In een recentere studie van kinderen jonger dan 2 jaar met het syndroom van Down, die een aanzienlijk risico lopen op RSV-infectie, werd prospectieve behandeling met palivizumab geassocieerd met een 3,6-voudige verlaging van de incidentie rate ratio voor RSV-gerelateerde ziekenhuisopname. Onderzoekers vergeleken het aantal RSV-gebeurtenissen bij 532 kinderen met het syndroom van Down die profylactisch palivizumab kregen en 233 onbehandelde kinderen. In totaal werden 31 (23 onbehandeld, 8 behandeld) RSV-gerelateerde ziekenhuisopnames gedocumenteerd.

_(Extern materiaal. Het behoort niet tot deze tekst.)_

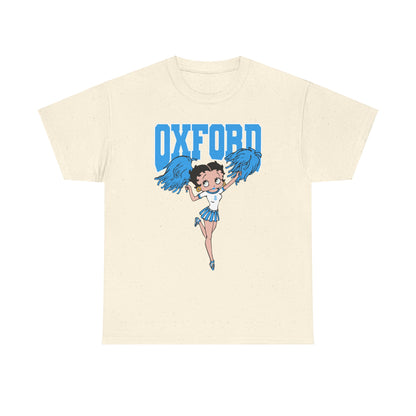 OXFORD BETTY BOOP T-SHIRT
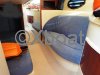 Technical sheet FAIRLINE 34 TARGA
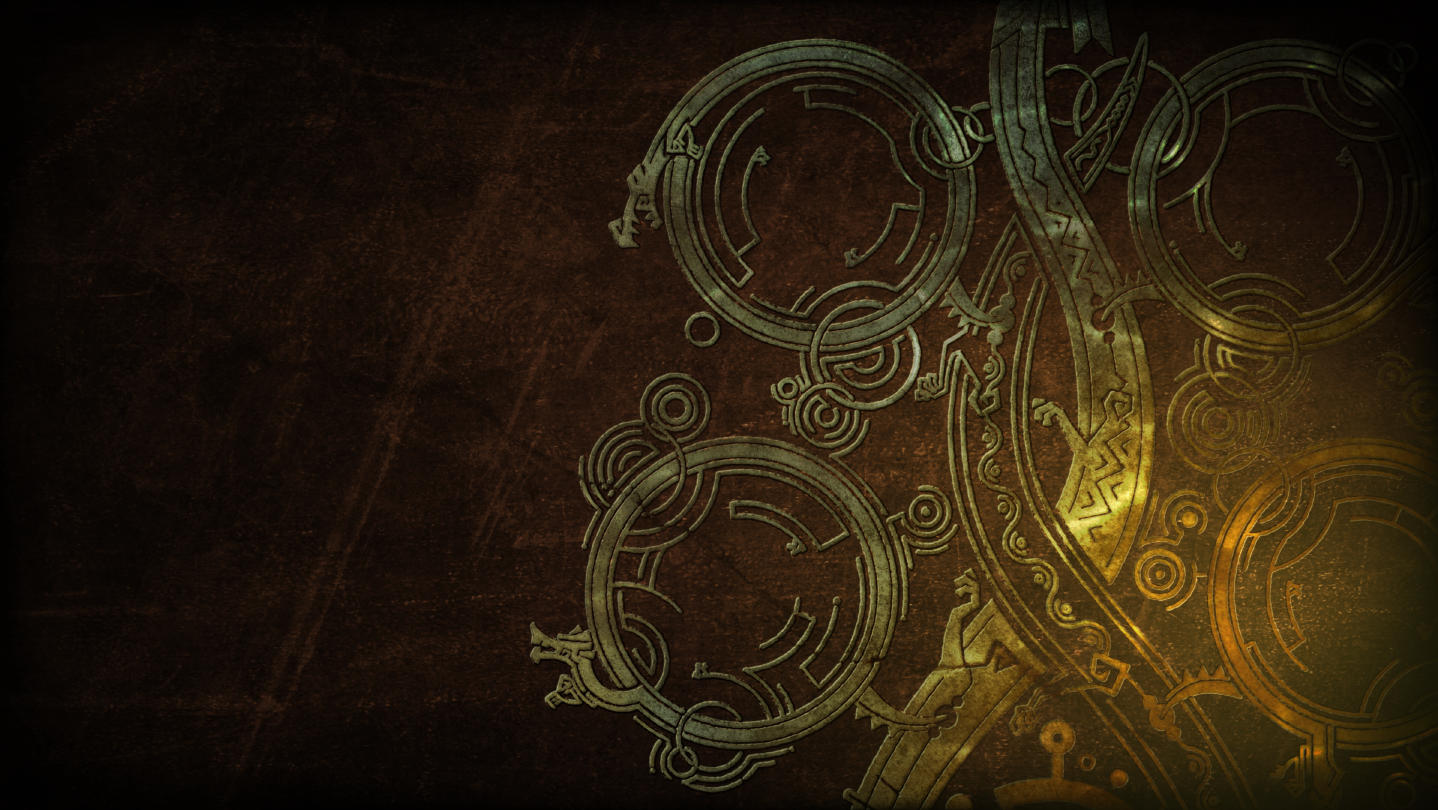 Monster Hunter Wilds - Imagem de Fundo do Jogo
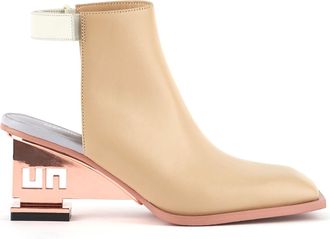 United Nude UN Mule Mid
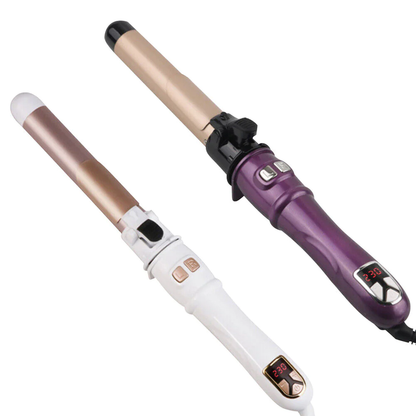 1 Inch Automatic Curling Wand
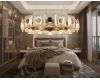 Подвесная люстра Ambrella Light High Light Crystal LH31027
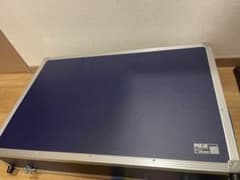 PULSE EC07 NAVY BLUE CUSTOM エフェクターボードのサムネイル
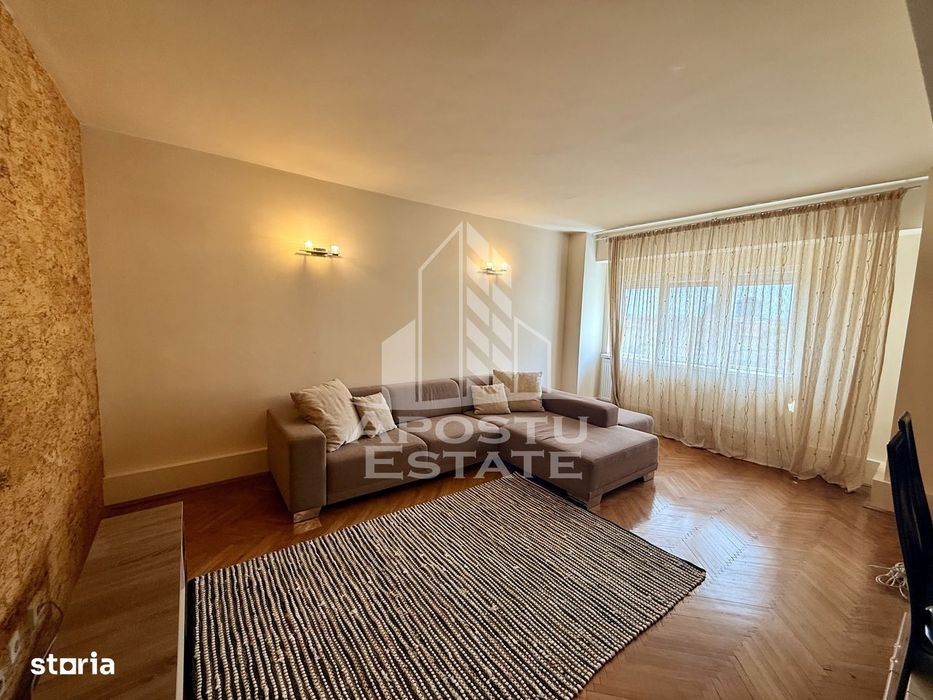 Apartament 3 camere de vanzare, zona Aradului, Timisoara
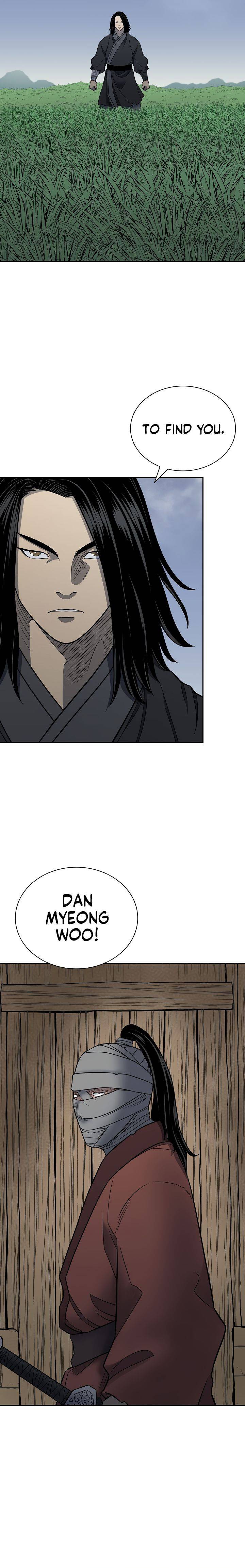 Record of the War God Chapter 150 - page 24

Een monoklonaal antilichaam van de tweede generatie, motavizumab, met een grotere affiniteit voor RSV dan palivizumab, werd onlangs onderzocht.

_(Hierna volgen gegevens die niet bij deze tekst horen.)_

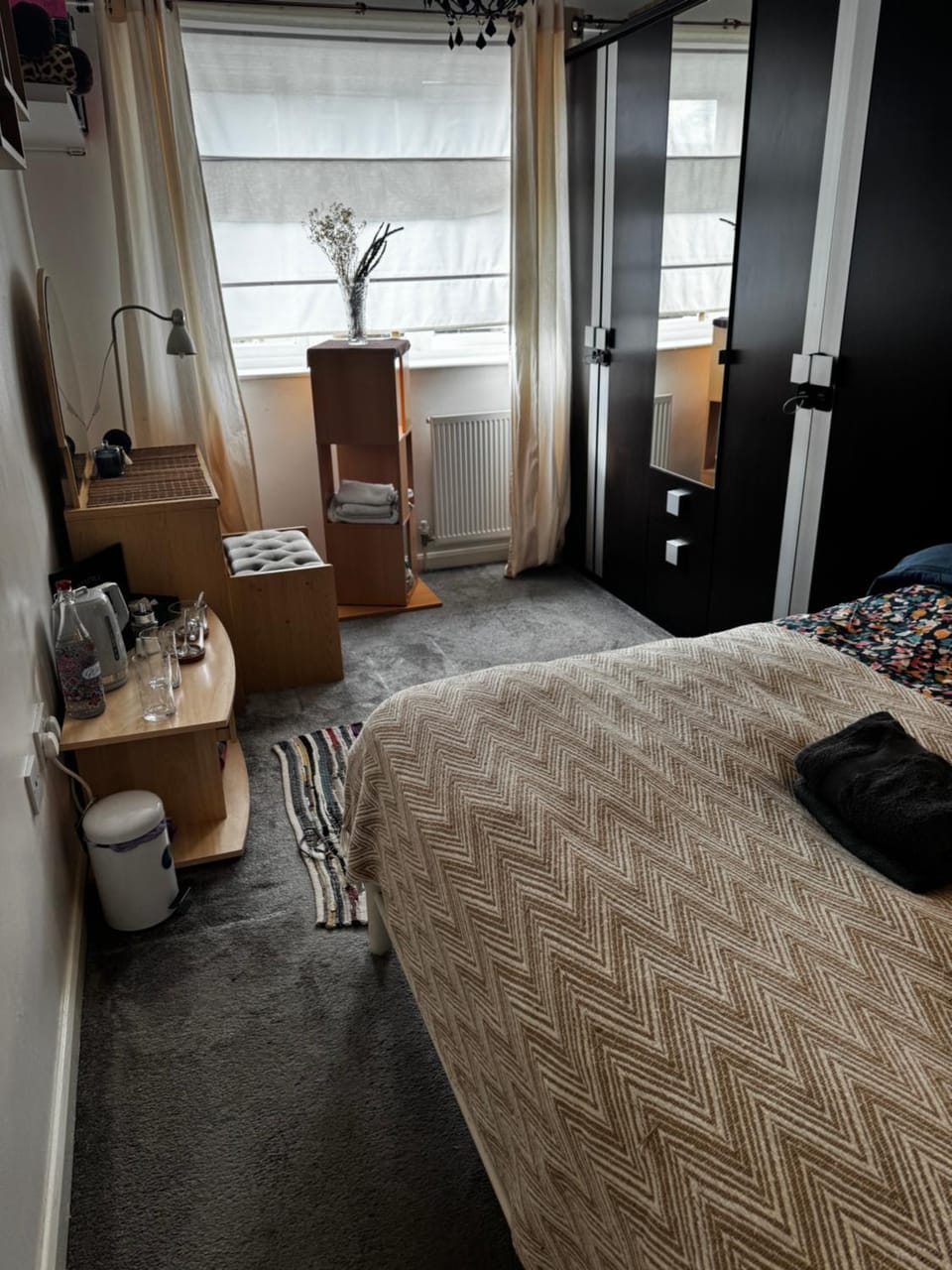 Cosy room in London Wembley Vacation rental in London Borough of Ealing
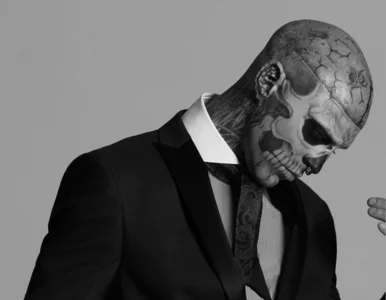 Miniatura: Bliscy Zombie Boya nie wierzą w...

In een dubbelblinde, multinationale studie werd motavizumab vergeleken met palivizumab bij 6635 premature zuigelingen met chronische longziekte van prematuriteit. De 2 geneesmiddelen hadden vergelijkbaar lage percentages van ziekenhuisopname voor RSV. Met motavizumab werd een significante vermindering (50% relatieve vermindering) waargenomen van poliklinische, RSV-specifieke, medisch begeleide LRTI. Premature pasgeborenen die motavizumab kregen, hadden minder poliklinische luchtweginfecties dan degenen die palivizumab kregen, de huidige standaardbehandeling. Vanwege het gebrek aan verbeterde preventie van ziekenhuisopname met motavizumab en een verhoogd optreden van huiduitslagreacties in deze groep, is motavizumab op dit moment echter niet goedgekeurd door de Amerikaanse Food and Drug Administration (FDA) en heeft de fabrikant besloten de vergunningverlening op dit moment niet voort te zetten. Een nieuwer monoklonaal antilichaam met langere halfwaardetijd wordt momenteel klinisch onderzocht.
Vaccinatie
Tot op heden zijn pogingen om een vaccin tegen RSV te ontwikkelen niet succesvol geweest . Een formaline-geïnactiveerd RSV-vaccin werd ontwikkeld in de jaren 1960. Hoewel de eerste serologische reacties op dit vaccin veelbelovend leken, ontwikkelden de kinderen die het vaccin kregen een ernstiger ziekte wanneer ze werden blootgesteld aan een natuurlijke RSV-infectie, en er werd een aantal sterfgevallen gerapporteerd. Een aantal recente gebeurtenissen heeft de ontwikkeling van vaccins versneld, d.w.z. a) literatuur over RSV-belasting bij zuigelingen en ouderen, b) succes van palivizumab bij hoog-risico zuigelingen, c) identificatie van nieuwere pre-F RSV-epitopen als vaccindoelwitten. Vandaag de dag zijn er ongeveer 60 kandidaat-vaccins in preklinische en klinische (fase 1- 3) proeven.{ref 32} De verschillende platforms die gebruikt worden voor de ontwikkeling van vaccins zijn: levend verzwakt, deeltjes-, subunit- en vector-gebaseerde vaccins. De meeste kandidaat-vaccins wekken immuniteit op tegen het pre-fusie F-eiwit. Deze vaccins worden geëvalueerd voor mogelijke immunisatie van jonge kinderen, ouderen en ook voor toediening aan zwangere vrouwen tijdens het laatste trimester om het niveau van anti-RSV-antilichaam dat aan de zuigeling wordt overgedragen te verhogen. Er is aanzienlijke vooruitgang geboekt, maar een vaccin dat klaar is voor gebruik in de klinische praktijk is waarschijnlijk nog 5-10 jaar verwijderd.
Vitamine D-suppletie
In een prospectieve geboortecohortstudie waarin de concentraties van 25-hydroxyvitamine D (25-OHD) in navelstrengbloedplasma bij 156 pasgeborenen werden geëvalueerd, hadden pasgeborenen met 25-OHD-concentraties lager dan 50 nmol/L een 6-voudig groter risico op RSV LRTI in het eerste levensjaar dan pasgeborenen met 25-OHD-concentraties van 75 nmol/L of minder. Deze resultaten wijzen erop dat vitamine D-tekort bij gezonde pasgeborenen geassocieerd is met een verhoogd risico op RSV LRTI in het eerste levensjaar. Vitamine D-suppletie tijdens de zwangerschap kan RSV LRTI tijdens de zuigelingenleeftijd verbeteren.